Why Bicycle Paths Need to Change to Boost Cyclists Engagement
The recent protests in New York City are just one of the many protests that have been occurring over the last few years in regards to bike lanes. This is because as bike ridership increases, more individuals are demanding safer routes. They do not want to contend with aggressive drivers or fight for routes that are safe to cycle along. Cities haven't been quick to respond to the demands, but have recently been indicating at a favourable compromise in the future.
The first step a city typically takes to demonstrate their allegiance with cyclists, is to create a lane on the road dedicated to them. This lane, however, is often not enough because of either the size or the unclear marking between the cycling and motorist lanes.
When it comes to the size of the bike lane, the final width is left to the discretion of each city. So while it is recommended that the minimum width of a bike lane should be 1.2m (4 feet), it ultimately depends on the city if they wish to build a wider lane that can accommodate activities like biking alongside each other or passing.
If a wider lane is chosen, this not only creates more opportunities for cyclists to ride, but also visually stunts the roadway to make it look (and be) narrower for motorists. This in turn reduces the speed of motorists which then increases the safety of the road for cyclists and motorists alike.
Whether or not a wider lane is chosen, the narrowing of the streets would be beneficial for cyclists and pedestrians alike as it is known to reduce the speed of cars, and significantly boost retail businesses as they have a better curb appeal.
While having a wider lane is preferred and beneficial, it may not be plausible in some areas. This then causes cyclists to ride closer to the curb. While it’s not ideal, it doesn’t have to stunt participation. If the city cannot support a wide bike lane, then they need to ensure that the side of the road is usable and continuously cleared. This means taking care of the snow in the winter and checking on the drainage grates. One of the biggest hazards when it comes to biking on the side of the road is drainage grates. While they are necessary in order to prevent urban flooding, certain storm drains can be hazardous for cyclists if the gap is large enough to get a wheel caught. That is why assessing the drains and ensuring that smaller, horizontally slotted grates are the only style used in these areas.
Perhaps the most important element to making a cyclist feel safe (and be safer) is having a distinction between the automobile and bicycle lanes.

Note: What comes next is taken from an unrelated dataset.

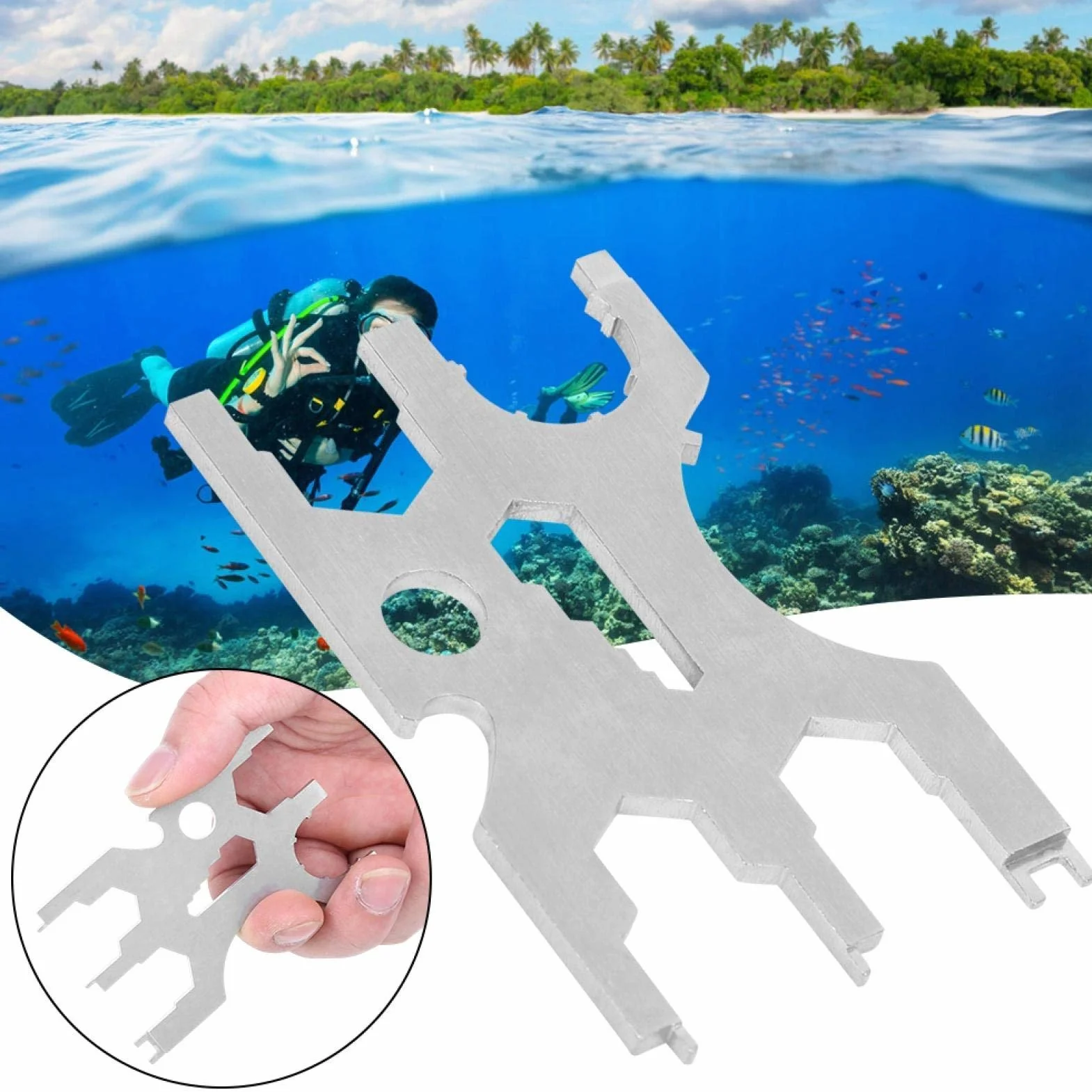 Demeras Herramienta de reparación de Buceo Herramienta de Buceo Multi Herramienta de Buceo de Acero Inoxidable multifunción submarina Kit regulador de Buceo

The inability for motorists to distinguish a bicycle lane from an automobile lane is a common fear among cyclists and one of the top reasons why people do not feel safe on bikes. As a way to rectify this, some cities (still not nearly enough) have implemented bollards along the road to create a protective bike lane. The bollards create a visual and physical barrier between the cyclists and the motorist, and make the bike lane into essentially a sidewalk for bikes.
Protected bike lanes are most preferred, but again not achievable in all areas - especially when it comes to suburban routes. Although there is a perceived sense of safety on routes that are located on quieter streets, cyclists still face multiple dangers. This is because often cars are travelling at faster speeds - even if a reduced speed is posted. One way to adjust the speed of the motorist to make it safer for a cyclists is to implement a traffic calming neighbourhood. These can be achieved by installing speed bumps for cars, median barriers, roundabouts, and visually textured surfaces of the bike lane.

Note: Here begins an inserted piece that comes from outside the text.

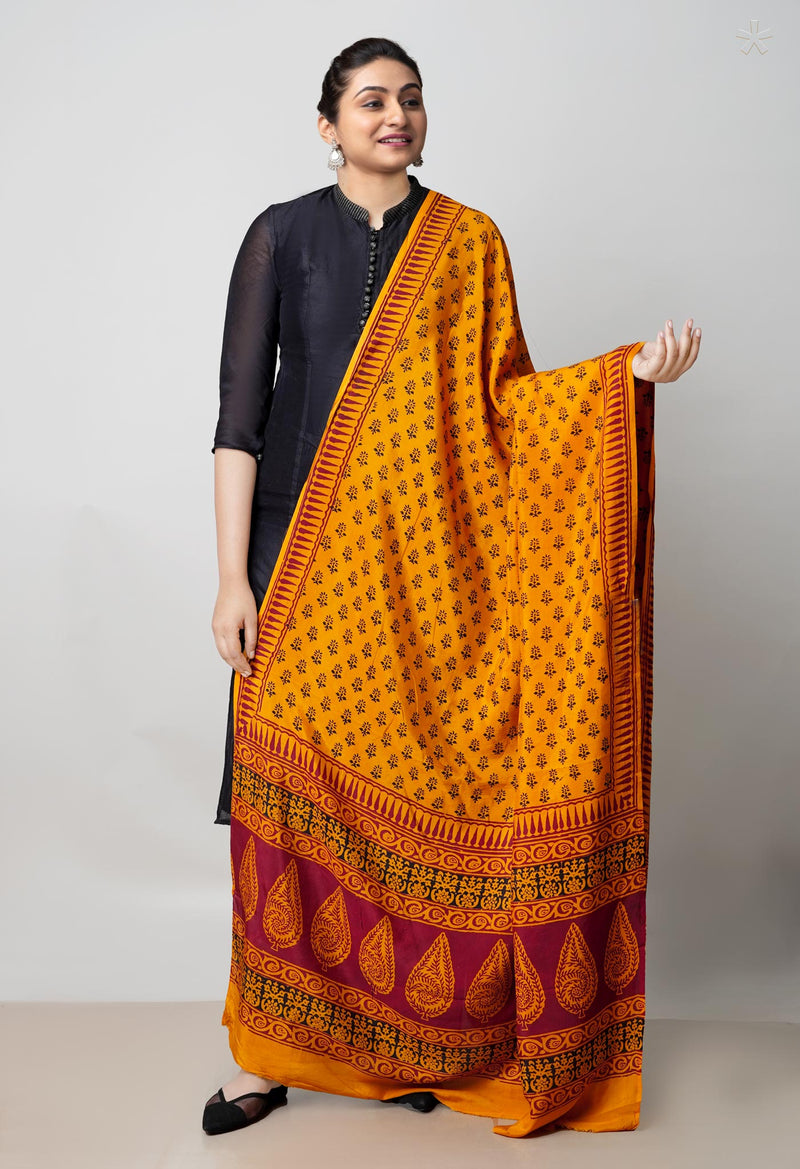 Turmeric Yellow Bagh Printed Chanderi Soft Silk Dupatta–UDS5163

Now that we’ve considered safer methods for inner city and suburban cyclists, the next issue which is undoubtedly the most dangerous-intersections. According to Vehicular Cyclist, 64 percent of total bicycle accidents have occurred at intersections. This is why it’s important for cities to install good cycling infrastructure that will benefit cyclists and motorists. Suggested measures for safer intersections include bike friendly signals, buffer lines, and distinctive lanes. Each of these can help to increase the flow of traffic, the safety of cyclists, and improve the commute for both cyclists and motorists.
The final factor that must be considered for making a successful bike lane is ensuring that there is plenty of bike parking along the way. Whether travelling for business or pleasure, when cyclists are relying on their bike as a form of transportation, they want to be able to dismount and leave their bike when they reach a destination or need a rest. So incorporating bike shelters, or bike racks along any pathways, as well as in front of stores and businesses, will ultimately influence the likelihood of an individual joining the ever increasing cycling community.